Caption-style text data >>
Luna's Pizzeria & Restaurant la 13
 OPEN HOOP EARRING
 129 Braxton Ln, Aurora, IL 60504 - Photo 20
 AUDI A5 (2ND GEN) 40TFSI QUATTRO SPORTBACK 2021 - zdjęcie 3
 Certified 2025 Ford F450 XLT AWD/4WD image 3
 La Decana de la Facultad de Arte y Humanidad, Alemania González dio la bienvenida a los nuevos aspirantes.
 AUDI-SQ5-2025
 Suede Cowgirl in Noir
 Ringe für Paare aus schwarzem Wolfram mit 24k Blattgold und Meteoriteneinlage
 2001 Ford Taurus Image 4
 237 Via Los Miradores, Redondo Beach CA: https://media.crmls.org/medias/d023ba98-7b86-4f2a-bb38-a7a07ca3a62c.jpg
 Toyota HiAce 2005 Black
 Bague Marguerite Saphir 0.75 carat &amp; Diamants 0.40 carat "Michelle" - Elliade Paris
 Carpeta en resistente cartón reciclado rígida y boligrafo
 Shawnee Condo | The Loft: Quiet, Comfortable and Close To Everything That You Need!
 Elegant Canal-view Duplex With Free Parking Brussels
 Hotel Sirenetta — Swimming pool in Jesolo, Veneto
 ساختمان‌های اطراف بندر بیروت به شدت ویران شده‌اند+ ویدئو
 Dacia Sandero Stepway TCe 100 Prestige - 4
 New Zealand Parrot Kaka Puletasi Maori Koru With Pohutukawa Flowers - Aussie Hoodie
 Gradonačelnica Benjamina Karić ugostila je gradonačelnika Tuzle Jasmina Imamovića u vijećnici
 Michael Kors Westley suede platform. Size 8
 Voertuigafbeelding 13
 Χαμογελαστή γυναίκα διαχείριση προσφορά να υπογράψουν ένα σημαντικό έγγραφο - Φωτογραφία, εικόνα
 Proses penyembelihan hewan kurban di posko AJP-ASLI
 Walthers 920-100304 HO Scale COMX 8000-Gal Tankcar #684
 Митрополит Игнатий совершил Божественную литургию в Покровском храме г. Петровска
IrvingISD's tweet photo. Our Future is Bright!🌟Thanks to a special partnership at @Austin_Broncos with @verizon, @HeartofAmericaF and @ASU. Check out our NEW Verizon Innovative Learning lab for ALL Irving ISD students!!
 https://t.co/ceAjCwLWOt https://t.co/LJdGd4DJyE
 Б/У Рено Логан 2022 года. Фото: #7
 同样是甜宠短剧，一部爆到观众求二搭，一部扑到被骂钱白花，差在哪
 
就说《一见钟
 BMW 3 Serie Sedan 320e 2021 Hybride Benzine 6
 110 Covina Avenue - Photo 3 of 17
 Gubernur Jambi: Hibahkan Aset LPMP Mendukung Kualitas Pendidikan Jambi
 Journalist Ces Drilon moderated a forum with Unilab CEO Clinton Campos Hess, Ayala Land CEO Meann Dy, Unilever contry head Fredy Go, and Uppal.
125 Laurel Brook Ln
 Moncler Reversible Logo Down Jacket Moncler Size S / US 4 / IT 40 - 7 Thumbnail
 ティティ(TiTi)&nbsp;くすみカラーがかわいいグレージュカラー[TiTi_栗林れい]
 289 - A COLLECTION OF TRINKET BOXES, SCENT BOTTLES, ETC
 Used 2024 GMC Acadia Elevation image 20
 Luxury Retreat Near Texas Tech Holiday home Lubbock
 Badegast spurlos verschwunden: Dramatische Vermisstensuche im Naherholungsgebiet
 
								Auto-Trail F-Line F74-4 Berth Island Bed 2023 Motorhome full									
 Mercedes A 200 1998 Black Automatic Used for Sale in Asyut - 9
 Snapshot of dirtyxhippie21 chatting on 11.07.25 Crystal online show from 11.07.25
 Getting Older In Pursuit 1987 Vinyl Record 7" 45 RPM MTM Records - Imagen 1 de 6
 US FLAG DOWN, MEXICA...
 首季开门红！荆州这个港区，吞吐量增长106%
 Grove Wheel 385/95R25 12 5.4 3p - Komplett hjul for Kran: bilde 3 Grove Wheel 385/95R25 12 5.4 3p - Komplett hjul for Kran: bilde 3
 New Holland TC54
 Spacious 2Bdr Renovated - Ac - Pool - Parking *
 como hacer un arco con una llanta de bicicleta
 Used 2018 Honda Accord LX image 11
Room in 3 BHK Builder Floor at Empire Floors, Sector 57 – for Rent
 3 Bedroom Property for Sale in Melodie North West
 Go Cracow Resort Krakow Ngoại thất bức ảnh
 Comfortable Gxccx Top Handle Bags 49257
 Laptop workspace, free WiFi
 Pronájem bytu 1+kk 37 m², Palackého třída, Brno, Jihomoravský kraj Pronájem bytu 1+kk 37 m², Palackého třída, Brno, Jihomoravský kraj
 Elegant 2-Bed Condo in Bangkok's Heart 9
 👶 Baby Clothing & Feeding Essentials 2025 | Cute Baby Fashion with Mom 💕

What you will do >> Each line of the data above containing the string "Used" is to be copied.

Expected output >>
 Used 2024 GMC Acadia Elevation image 20
 Mercedes A 200 1998 Black Automatic Used for Sale in Asyut - 9
 Used 2018 Honda Accord LX image 11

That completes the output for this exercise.